At this mausoleum the preserved body of Ho Chi Minh, founder of unified Vietnam and the country's liberator from Western colonialism, lies in a glass case for public viewing.
The Ho Chi Minh Mausoleum Complex was built with assistance from the USSR and the austere and impressive architecture is recognizably Soviet/Communist in design. Around the building lie 240 ordered squares of manicured grass cut with concrete walkways. This dedication to 'Uncle Ho,' as he is affectionately known, is unsurprisingly one of the nation's most revered sites and as such this is a moving, and eerie, experience. Nearby is the popular Ho Chi Minh Museum dedicated to his life and work.
The Temple of Literature (or Quoc Tu Giam) was originally built as a Confucian Temple in 1070 AD. Six years later on the same grounds was founded Vietnam's first university to educate the administrative and military warrior Mandarin classes.
Over the years buildings have been added and renovated but much of the architecture dates back to the Lý (1010 - 1225) and Trần dynasties (1225 - 1400). The university operated for more than 700 years but today you can experience the tranquility without its warrior students, with its beautiful gardens and pavilions in a series of courtyards.
Three stories of wholesale and traditional goods, local food and hand-tailored clothes, as well as cosmetics and crafts, make the massive Dong Xuan Market a true experience of southeast Asia.
Both locals and tourists hustle through the jam-packed stalls of Dong Xuan during daylight hours, bartering for better deals on just about anything imaginable. But it’s after dark that the market truly comes alive, as travelers gather to sample traditional foods while watching cultural performances that include music, dance and plenty of energy, too.
Legend has it that while Emperor Ly Thai Tong was troubled about being childless, he dreamt that he met the bodhisattva, Quan Am, who, sitting on a lotus flower, offered him a son. Soon after he married a peasant girl who bore him a son, and in gratitude he built the One Pillar Pagoda (or Chua Mot Cot) in the design of a lotus flower on its stem rising from a square pond.
The original temple was destroyed by the French Union in 1954, it was rebuilt on a single concrete pillar of 1.25 meter (4 foot) diameter. The temple itself is made from wood and bears a statue of Quan Am, to whom it is dedicated, inside.
Dedicated to General Tran Hung Dao, who defeated the Mongols in the 13th century, the picturesque Ngoc Son Temple on Hoam Kiem Lake is one of the most-visited temples in all of Hanoi.

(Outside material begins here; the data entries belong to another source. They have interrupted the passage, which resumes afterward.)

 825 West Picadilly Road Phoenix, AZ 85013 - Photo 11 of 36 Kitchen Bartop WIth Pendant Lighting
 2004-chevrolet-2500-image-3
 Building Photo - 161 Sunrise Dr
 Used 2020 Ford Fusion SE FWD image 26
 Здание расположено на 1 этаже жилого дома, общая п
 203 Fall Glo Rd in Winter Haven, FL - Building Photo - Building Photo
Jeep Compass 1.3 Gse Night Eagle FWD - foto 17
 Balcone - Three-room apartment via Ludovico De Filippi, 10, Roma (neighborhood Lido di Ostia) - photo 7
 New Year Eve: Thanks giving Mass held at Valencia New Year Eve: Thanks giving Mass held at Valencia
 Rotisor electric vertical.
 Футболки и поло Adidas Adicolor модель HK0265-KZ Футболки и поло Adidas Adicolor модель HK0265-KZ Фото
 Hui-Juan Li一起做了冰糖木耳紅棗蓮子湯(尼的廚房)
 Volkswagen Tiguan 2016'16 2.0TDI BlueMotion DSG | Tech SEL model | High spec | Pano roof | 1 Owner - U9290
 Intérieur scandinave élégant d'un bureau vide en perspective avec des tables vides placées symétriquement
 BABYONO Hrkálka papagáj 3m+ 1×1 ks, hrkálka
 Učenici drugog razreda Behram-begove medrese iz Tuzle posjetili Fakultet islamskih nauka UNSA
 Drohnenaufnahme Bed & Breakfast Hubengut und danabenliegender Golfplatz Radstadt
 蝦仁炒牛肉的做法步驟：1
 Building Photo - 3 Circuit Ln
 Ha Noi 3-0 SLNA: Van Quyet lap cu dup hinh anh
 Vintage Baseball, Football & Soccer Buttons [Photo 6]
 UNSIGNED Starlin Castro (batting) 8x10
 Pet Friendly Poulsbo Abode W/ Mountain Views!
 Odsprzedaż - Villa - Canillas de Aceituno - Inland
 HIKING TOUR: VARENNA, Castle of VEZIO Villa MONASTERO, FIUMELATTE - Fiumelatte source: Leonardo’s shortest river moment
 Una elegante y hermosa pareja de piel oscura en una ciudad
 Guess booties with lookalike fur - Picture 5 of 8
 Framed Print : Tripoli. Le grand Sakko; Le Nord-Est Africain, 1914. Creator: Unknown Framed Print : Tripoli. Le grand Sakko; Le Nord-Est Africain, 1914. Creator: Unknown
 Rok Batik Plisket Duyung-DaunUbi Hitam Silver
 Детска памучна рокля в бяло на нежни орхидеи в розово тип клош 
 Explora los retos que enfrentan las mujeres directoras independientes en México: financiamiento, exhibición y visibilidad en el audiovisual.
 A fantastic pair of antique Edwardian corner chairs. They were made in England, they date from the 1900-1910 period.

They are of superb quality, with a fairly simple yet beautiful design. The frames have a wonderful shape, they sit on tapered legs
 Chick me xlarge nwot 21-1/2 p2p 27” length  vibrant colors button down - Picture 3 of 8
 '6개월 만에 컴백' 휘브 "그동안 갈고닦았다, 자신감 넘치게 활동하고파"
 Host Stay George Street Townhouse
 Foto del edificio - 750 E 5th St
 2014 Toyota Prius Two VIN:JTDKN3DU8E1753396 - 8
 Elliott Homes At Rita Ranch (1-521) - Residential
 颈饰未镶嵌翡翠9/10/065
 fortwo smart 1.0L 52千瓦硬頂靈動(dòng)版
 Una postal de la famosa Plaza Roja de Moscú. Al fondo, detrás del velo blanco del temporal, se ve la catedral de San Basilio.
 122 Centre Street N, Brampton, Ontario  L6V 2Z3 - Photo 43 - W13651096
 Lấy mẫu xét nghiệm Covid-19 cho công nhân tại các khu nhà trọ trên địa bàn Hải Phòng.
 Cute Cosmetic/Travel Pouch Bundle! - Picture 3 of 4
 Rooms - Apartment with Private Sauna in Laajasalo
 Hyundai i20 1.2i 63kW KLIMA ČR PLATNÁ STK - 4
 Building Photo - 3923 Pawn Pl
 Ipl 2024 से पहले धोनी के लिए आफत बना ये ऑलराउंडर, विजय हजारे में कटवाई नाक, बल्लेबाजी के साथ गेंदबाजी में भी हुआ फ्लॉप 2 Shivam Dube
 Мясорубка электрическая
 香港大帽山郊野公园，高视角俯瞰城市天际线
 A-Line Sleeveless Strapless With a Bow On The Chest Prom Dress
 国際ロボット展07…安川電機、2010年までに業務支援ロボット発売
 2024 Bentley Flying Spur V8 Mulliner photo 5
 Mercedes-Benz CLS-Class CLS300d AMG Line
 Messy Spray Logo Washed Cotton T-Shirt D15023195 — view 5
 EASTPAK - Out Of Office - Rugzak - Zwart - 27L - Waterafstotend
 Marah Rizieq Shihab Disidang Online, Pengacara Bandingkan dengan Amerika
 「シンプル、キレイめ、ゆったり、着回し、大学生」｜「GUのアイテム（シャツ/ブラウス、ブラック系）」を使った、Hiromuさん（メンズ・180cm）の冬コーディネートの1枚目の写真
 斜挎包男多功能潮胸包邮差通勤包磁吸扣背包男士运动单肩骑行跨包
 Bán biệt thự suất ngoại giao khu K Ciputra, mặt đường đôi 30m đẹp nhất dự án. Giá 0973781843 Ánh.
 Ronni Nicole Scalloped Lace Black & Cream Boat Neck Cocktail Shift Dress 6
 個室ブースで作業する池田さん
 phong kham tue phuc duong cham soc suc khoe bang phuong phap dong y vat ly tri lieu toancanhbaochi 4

A brilliant red bridge connects the mainland to the temple’s tiny island, where cooling waters and shaded trees circle the place where locals gather for worship and contemplation.
Also known as the Temple of the Jade Mountain, Ngoc Son offers breathtaking lake views and picture-perfect shots of the storied Tortoise Tower, as well as a rare glimpse of richly colored wall paintings, handcrafted sculptures and the Pen Tower. Although crossing the bridge is free, there is a small fee to enter the temple.
Don't leave Hanoi without seeing a Thang Long Water Puppet Theater show. These musical stories portrayed are of historical legends and folk tales. These ever-popular performances are given by a troupe of talented actors and accompanied by a traditional Vietnamese pit orchestra. Great entertainment for all ages. Charming, curious, and enchanting - you'll be pleased you experienced it.
The Perfume River may have gotten its fame from the film Full Metal Jacket, but visitors to Hue traveled on this scenic body of water even before the movie’s 1987 debut. Each fall, blossoms from nearby orchards drop into the river, producing the unique fragrance that gives this river its name. The unpolluted waters offer cooling breezes for cyclists riding along the winding banks of local rice fields, and breathtaking views of Ngu Binh Mountain. Watch the sun go down and the city light up while you enjoy a cool beer on a late-afternoon dragon boat ride through Hue.